In the 1961 text titled Psychology: The Briefer Course, William James, (an eminent theorist and one of the founders of modern psychology), writes a series of essays on habits, consciousness, the self, attention, association, memory, sense of time, and several more topics. The book, a compilation of James’ (1842—1910) writings, was one of the foundation texts for advanced introduction to the history and systems of psychology during my undergraduate education.

P00360I found myself re-reading Chapter 14, on Consciousness and Movement—particularly the ideas that our thought patterns are influenced by our ability to move, or moreover, the fact that we are first and foremost mobile creatures—implies that consciousness itself is a motor activity. It’s been a while since I’ve dusted off my psychology textbooks, but I found myself up at night re-reading texts and trying to figure out what the relationship between movement and thinking implied.
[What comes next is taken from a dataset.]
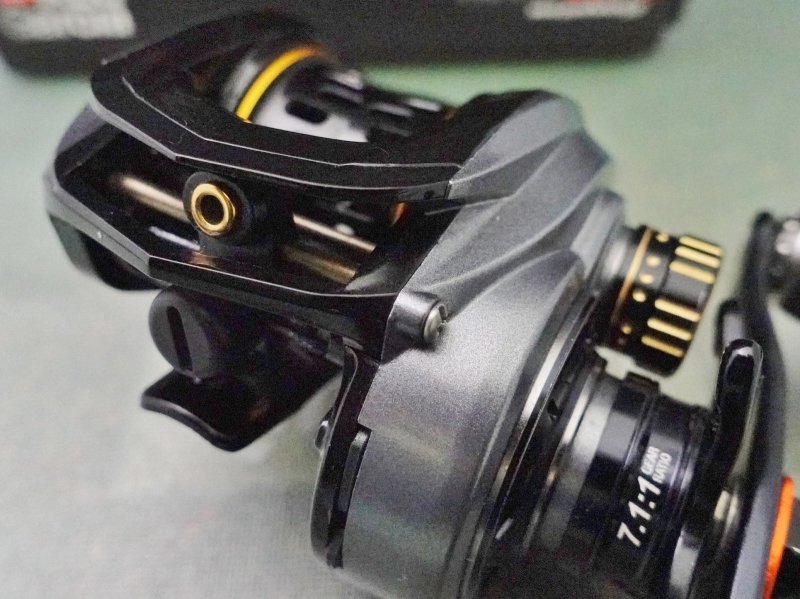 Photo6: Abu Garcia Revo LV7 L [5492] (6)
In chapter 14, Consciousness and Movement:

“All consciousness is motor. The reader will not have forgotten, in the jungle of purely inward processes and products through which the last chapters have borne him, that the final result of them all must be some form of bodily activity due to the escape of the central excitement through outgoing nerves.”

“The whole neural organism, it will be remembered, is, physiologically considered, but a machine for converting stimuli into reactions; and the intellectual part of our life is knit up with but the middle or central part of the machine’s operations. “

 A bit further into the chapter, he talks more specifically about the relationship between feeling/thought and movement, which I find particularly interesting: 

[…]

“Using sweeping terms and ignoring exceptions, we might say that every possible feeling produces a movement, and that the movement is a movement of the entire organism, and of each and all its parts.”
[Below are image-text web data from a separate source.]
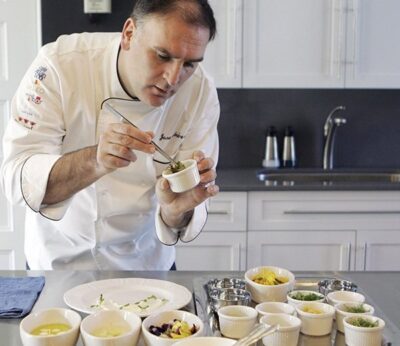 José Andrés, a la conquista el Hudson Yards de Manhattan.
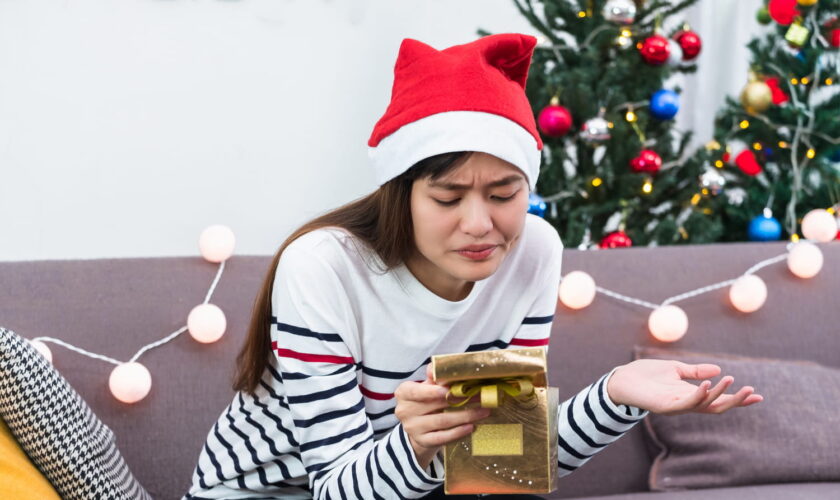 Selon une experte, ces cadeaux sont les pires à offrir à Noël, vous êtes sûrs de vous rater !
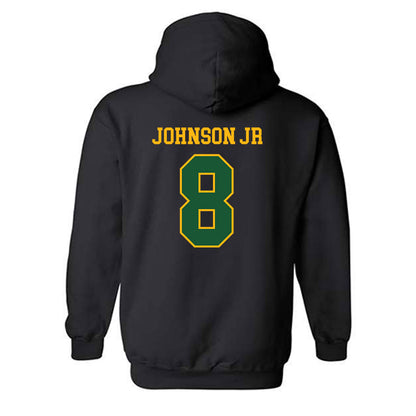 UAB - NCAA Men's Basketball : Efrem Johnson Jr - Classic Shersey Hooded Sweatshirt-1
The implications of this are fascinating. If every thought is a movement—that is, if every time you think, you produce some motor reaction (a neural stimulus, a twitch, a physiological shiver or reaction to stimulus; if each thought is related to stimulus that is transmitted through mechanical means throughout your body,

Then every single movement in your body is correlated to some extent, to thought.

And if this is true in one direction—if every motion in our body maps to some sort of thought process and embedded, historical thought;

Does every thought we have recall that initial motor stimulus and reaction?

And if so,

Does the act of movement, of creating mirrored movements and using each component part of our bodies, from walking to sitting to bending to lifting to exertion, to micro-movements and patterns of the smallest, indiscernible increment, but movement nonetheless—

Then cause us to think, even if only to recall previous thought patterns?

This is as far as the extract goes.